観劇感想『令嬢ジュリー』 2018.6.30(sat)

 

 舞台の中央には、正方形の箱が9つ。ピラミッド状に積み上げられた箱の頂上には純白のドレスを身に纏った女性が微笑みながら座り、絶妙な色彩で存在感を示す衣装を身につけた2人が舞台上を駆け巡る。

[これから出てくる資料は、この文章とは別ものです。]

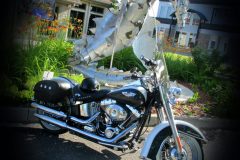 Ride-Du-Dragon-2019-005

 あらすじ『夏至祭の夜、伯爵令嬢のジュリーは召使のジョンに踊るよう命じる。身分の差と、ジョンの許嫁であり同じく召使のクリスティーンがいる手前一度は断るが命令だと言われその手を取り踊る。クリスティーンが眠ったあとジュリーとジョンは二人だけで会い、一線を越えてしまう。そしてその後…』

 

 スウェーデンの劇作家、ヨハン・アウグスト・ストリンベリの戯曲を世界劇団の本坊 由華子氏が演出したのが今回の作品。本来この作品は野外で公演とのことだが、630日・71日の二日間の公演は屋内(シアターNEST)で行われるとのこと。

 

 屋内では、青や赤と場面や心象ごとに変わる照明がジュリーの純白のドレスを見事に際立たせていて美しいあまりに惚れ惚れするが、物語が進んでいくごとにジュリーの余裕の表情が荒れ乱れていく姿がまたなんとも言えない生々しさを発していて綺麗だった。

 

 積み上げられた箱の頂上と地面は地位の差を視覚的に表現しているようで、ジョンはいつも見上げていた。幼い頃から見上げるばかりで、リンゴ(高い地位の象徴?)が欲しくてたまらず、その執着心が自らを奮い立たせ、教養を得て自分自身を磨く。初め紳士的だと思った彼が、徐々に本性を曝け出していく過程を見ていると不思議と心が揺れる。

 

 クリスティーンとしての登場時間自体はジュリーやジョンと比べれば少ないものの、過去のジョンを追う者やジュリーの母、と多様な役を演じる際の姿は、どこか狂気的で鳥肌が立った。鬼のような面を被っていて、軟体動物のようなしなやかさと独特の呼吸が一番前の列に座るとダイレクトに伝わった。

 

 時にメリハリがあり時に緩やかになり、曲と演者3人が呼吸を合わせて動くのがとても印象的であったのと、赤く薄い布が火や血、しがらみのようなものと様々な意味合いの持つものへと変化していく使い方が神秘的だった。

 

 死によって救われると信じたジュリーの笑顔がしばらく忘れられそうにない、そんな作品でした。